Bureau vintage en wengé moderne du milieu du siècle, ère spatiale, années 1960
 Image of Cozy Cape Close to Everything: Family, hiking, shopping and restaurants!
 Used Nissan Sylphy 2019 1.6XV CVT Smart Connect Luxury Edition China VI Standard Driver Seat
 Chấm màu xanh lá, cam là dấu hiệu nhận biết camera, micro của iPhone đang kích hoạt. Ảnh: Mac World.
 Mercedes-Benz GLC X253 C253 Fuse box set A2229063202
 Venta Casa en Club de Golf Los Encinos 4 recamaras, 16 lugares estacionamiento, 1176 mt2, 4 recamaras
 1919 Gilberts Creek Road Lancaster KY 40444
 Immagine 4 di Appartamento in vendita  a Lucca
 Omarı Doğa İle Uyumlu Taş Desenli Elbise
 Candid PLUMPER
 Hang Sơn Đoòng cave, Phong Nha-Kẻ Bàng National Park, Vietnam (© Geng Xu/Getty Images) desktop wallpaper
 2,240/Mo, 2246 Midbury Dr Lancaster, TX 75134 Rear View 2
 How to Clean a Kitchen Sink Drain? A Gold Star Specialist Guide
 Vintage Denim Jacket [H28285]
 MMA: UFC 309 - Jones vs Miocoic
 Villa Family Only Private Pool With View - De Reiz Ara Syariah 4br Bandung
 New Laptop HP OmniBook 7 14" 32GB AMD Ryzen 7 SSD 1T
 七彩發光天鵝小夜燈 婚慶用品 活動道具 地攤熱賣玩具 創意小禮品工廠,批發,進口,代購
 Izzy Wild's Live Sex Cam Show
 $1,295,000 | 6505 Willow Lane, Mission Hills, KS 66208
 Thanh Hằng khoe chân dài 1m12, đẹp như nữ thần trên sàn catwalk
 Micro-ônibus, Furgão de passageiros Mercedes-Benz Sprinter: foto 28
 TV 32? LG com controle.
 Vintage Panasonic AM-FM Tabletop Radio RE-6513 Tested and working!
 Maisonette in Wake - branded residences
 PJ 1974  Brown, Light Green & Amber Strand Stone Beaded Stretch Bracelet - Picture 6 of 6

> [HOW TO COMPLETE THIS TASK] The reply should consist of the records, reproduced exactly.

> [OUTPUT FOR THIS EXERCISE]
Bureau vintage en wengé moderne du milieu du siècle, ère spatiale, années 1960
 Image of Cozy Cape Close to Everything: Family, hiking, shopping and restaurants!
 Used Nissan Sylphy 2019 1.6XV CVT Smart Connect Luxury Edition China VI Standard Driver Seat
 Chấm màu xanh lá, cam là dấu hiệu nhận biết camera, micro của iPhone đang kích hoạt. Ảnh: Mac World.
 Mercedes-Benz GLC X253 C253 Fuse box set A2229063202
 Venta Casa en Club de Golf Los Encinos 4 recamaras, 16 lugares estacionamiento, 1176 mt2, 4 recamaras
 1919 Gilberts Creek Road Lancaster KY 40444
 Immagine 4 di Appartamento in vendita  a Lucca
 Omarı Doğa İle Uyumlu Taş Desenli Elbise
 Candid PLUMPER
 Hang Sơn Đoòng cave, Phong Nha-Kẻ Bàng National Park, Vietnam (© Geng Xu/Getty Images) desktop wallpaper
 2,240/Mo, 2246 Midbury Dr Lancaster, TX 75134 Rear View 2
 How to Clean a Kitchen Sink Drain? A Gold Star Specialist Guide
 Vintage Denim Jacket [H28285]
 MMA: UFC 309 - Jones vs Miocoic
 Villa Family Only Private Pool With View - De Reiz Ara Syariah 4br Bandung
 New Laptop HP OmniBook 7 14" 32GB AMD Ryzen 7 SSD 1T
 七彩發光天鵝小夜燈 婚慶用品 活動道具 地攤熱賣玩具 創意小禮品工廠,批發,進口,代購
 Izzy Wild's Live Sex Cam Show
 $1,295,000 | 6505 Willow Lane, Mission Hills, KS 66208
 Thanh Hằng khoe chân dài 1m12, đẹp như nữ thần trên sàn catwalk
 Micro-ônibus, Furgão de passageiros Mercedes-Benz Sprinter: foto 28
 TV 32? LG com controle.
 Vintage Panasonic AM-FM Tabletop Radio RE-6513 Tested and working!
 Maisonette in Wake - branded residences
 PJ 1974  Brown, Light Green & Amber Strand Stone Beaded Stretch Bracelet - Picture 6 of 6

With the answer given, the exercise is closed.